En mai 2023, 1 139 passages ont été enregistrés en un seul mois, liés vraisemblablement à la reproduction des cyprinidés.
Pour le brochet, espèce repère de la Meuse, l’impact des travaux a été observé dès la première saison de reproduction (2023) : plusieurs individus présents initialement dans la ballastière l’ont quittée pour rejoindre le fleuve et n’y sont jamais revenus, signe qu’ils ont pu accomplir leur cycle reproducteur.

© FDAAPPMA 55
Localisation de l’emplacement des antennes RFID

© FDAAPPMA 55
Installation des antennes RFID et du coffret d’enregistrement des passages

© FDAAPPMA 55
Récolte hebdomadaire de données RFID
II) Suivi ADN environnemental
Les analyses d’ADN environnemental ont confirmé les premières observations relevées lors du suivi RFID.
Avant travaux (été 2021), la ballastière n’abritait que 12 espèces de poissons, parmi lesquelles des espèces d’eaux stagnantes (brème commune, ablette, carpe, gardon, rotengle, tanche, brochet, perche commune).
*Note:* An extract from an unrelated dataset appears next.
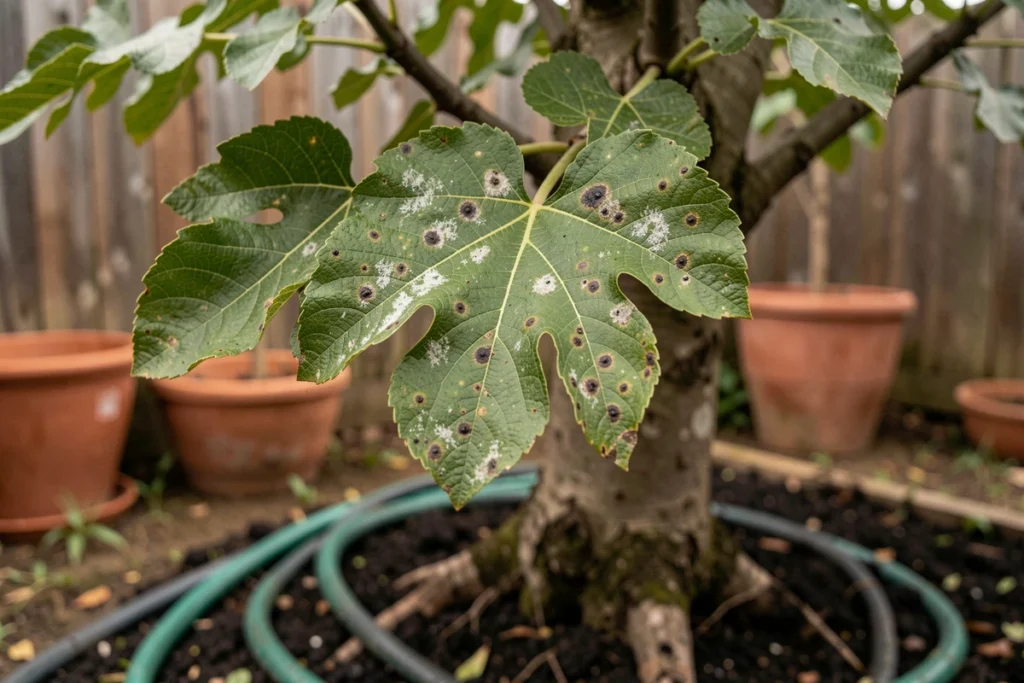 Gros plan sur des feuilles de figuier atteintes de maladie fongique avec lésions sombres et arrosage excessif au sol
Dès la première campagne après travaux (printemps 2023), ce nombre est passé à 23 espèces : des cyprinidés d’eaux vives venus du fleuve (hotu, goujon, vandoise, vairon, chevesne), mais aussi des espèces à valeur patrimoniale comme la bouvière (espèce protégée, déterminante ZNIEFF) ou la loche de rivière (quasi menacée selon l’UICN).
Cette dynamique confirme que la mise en communication avec la Meuse a permis à de nombreuses espèces de trouver dans la zone humide un milieu propice à la reproduction, au développement des juvéniles ou un refuge en période de crue.
Pour préserver cette vocation de frayère et de refuge, l’AAPPMA « La Goujonnière Meusienne » a demandé la mise en réserve de pêche de la zone humide dès la fin des travaux. La commune assure l’entretien des abords et du sentier, tandis que la Fédération de pêche de la Meuse veille au suivi du dispositif RFID et à la bonne connectivité entre la zone humide et le fleuve.

© FDAAPPMA 55
Prélèvements ADNe dans la ballastière
La consécration en 2026
Le jeudi 21 mai 2026, l’Agence de l’eau Rhin-Meuse a réuni à Metz les acteurs de la préservation des milieux aquatiques à l’occasion de la Cérémonie des Trophées de l’Eau 2026. Parmi les lauréats récompensés ce soir-là, l’AAPPMA « La Goujonnière Meusienne » s’est vue décerner le Grand Prix pour la réalisation de ce projet exemplaire.

© FDAAPPMA 55
L’AAPPMA « La Goujonnière Meusienne » récompensée aux Trophées de l’Eau 2026 suite à la réalisation de ce projet
Le montant total des travaux s’élève à 209 141,36 €.
Le projet a été financé à :
60 % (125 484,82 €) par l’Agence de l’eau Rhin-Meuse
20 % (41 828,27 €) par la Région Grand Est
7,37 % (15 410,19 €) par le Conseil départemental de la Meuse
5 % (10 457,07 €) par la Communauté d’agglomération du Grand Verdun
3 % (6 274,24 €) par la Fédération Nationale de la Pêche en France
3,63 % (7 595, 36 €) par la Fédération de la Meuse pour la Pêche et la Protection du Milieu Aquatique
1 % (2 091,41 €) par l’AAPPMA « La Goujonnière Meusienne »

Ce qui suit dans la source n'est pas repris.